Our trip started with some difficulties: the container with our motorcycles arrived some days delayed and the whole company had to do long walks around the dusty streets of Nouakchott or by the seashore, where thousands of boats of fishermen, with their gaudy colours, screamed joy of life despite the sea’s effort.
You could already feel a tense and irritable air when, thanks to the enterprise and the determination of our leader Federico Milighetti, we could get rid of “problems” with African bureaucracy, take our vehicles and, finally, we could leave.
In front of us, Mauritania desert with its thousand faces deleted all our inquietudes.
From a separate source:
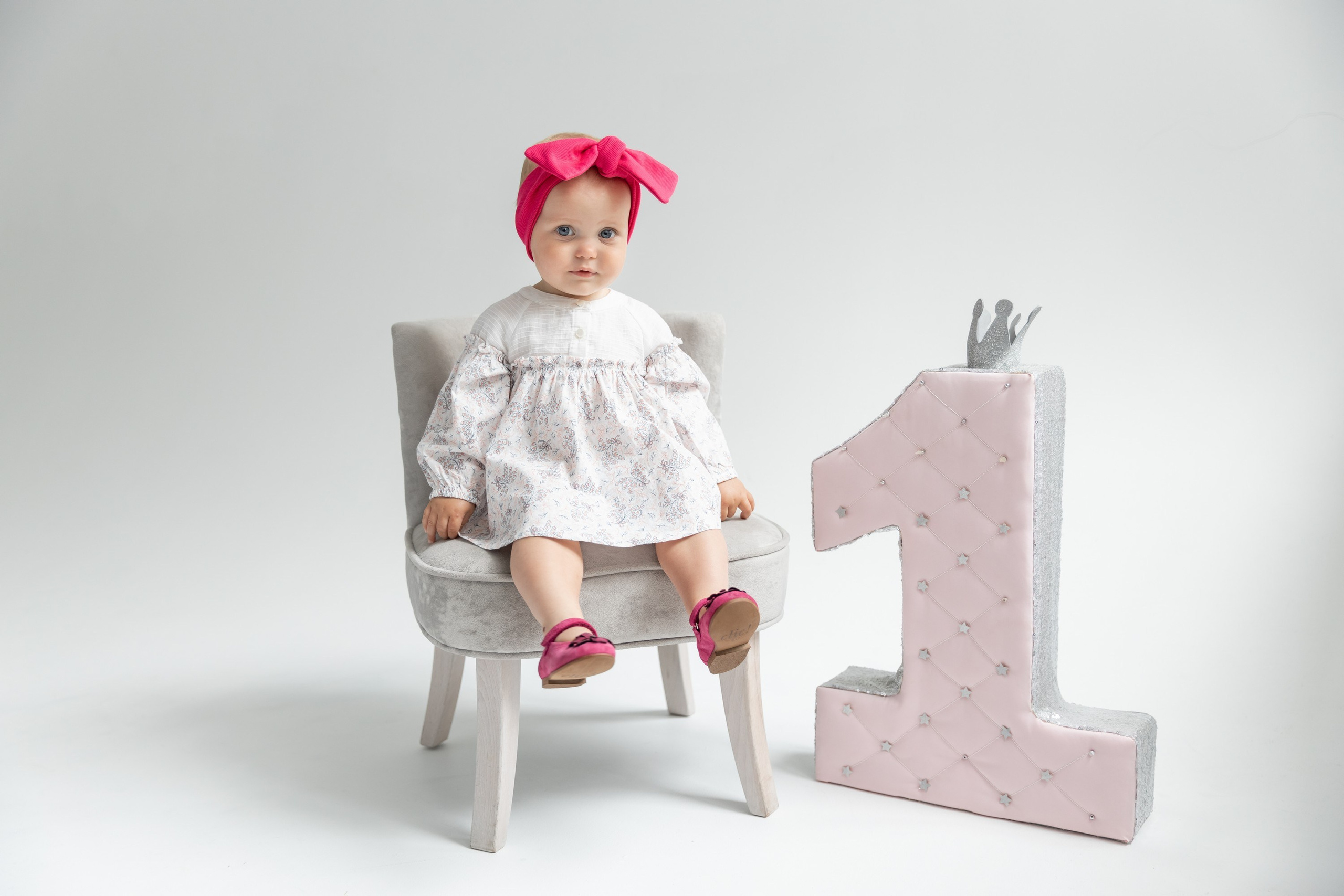 Циклорама и цветной фон. Татьяна Чернышова свадебный фотограф Москва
The company included old, nostalgic desert navigators of the Paris - Dakar like Federico Milighetti, Paolo Paladini, Andrea Tritarelli, professional travelling lovers like Fabrizio Rovella (Saharamonamour) and some followers in love with adventure and with Africa.
The itinerary was first directed towards north east, direction Akjoujt, then, crossing towns and hard stone uplands it took us to the soft hug of the sand, until reaching the big Azoueiga dunes where we did the first camp. It was impossible to resist the majesty of the dunes, which at the sunset are crossed by games of shadows and slide quietly in the breeze… and we went for it, first with the motorcycles up to the top, and then barefoot, to get inebriated by unforgettable images and sensations. From there our itinerary took us towards Terjit crossing Trifoujar pass. The oasis was our second camp. Under the fresh shadow of the palm trees we went back up long the torrent, reaching the rocky hills which dominate the canyon, to admire the immense valley which extends from the red cliffs in the direction of Atar. We slept one night in the Auberge of Terjit, where we even had the luxury of having a shower, then we took the way towards the south, following the old footprints of the official itinerary of the Paris - Dakar, which remains among the memories of some lucky ones (like our Paladini, Milighetti and Tritarelli). From here the route twists and turns towards Aujeft El Faraoun across a ours full of reservoirs, where groups of women dressed in colorful clothes and of guys run happily towards us. Then, almost suddenly, tall rocky walls stand on our sides and close until the El Anouk canyons, where also Tritarelli (my super professional pilot) couldn't resist the uncontrollable desire to stop and take some pictures.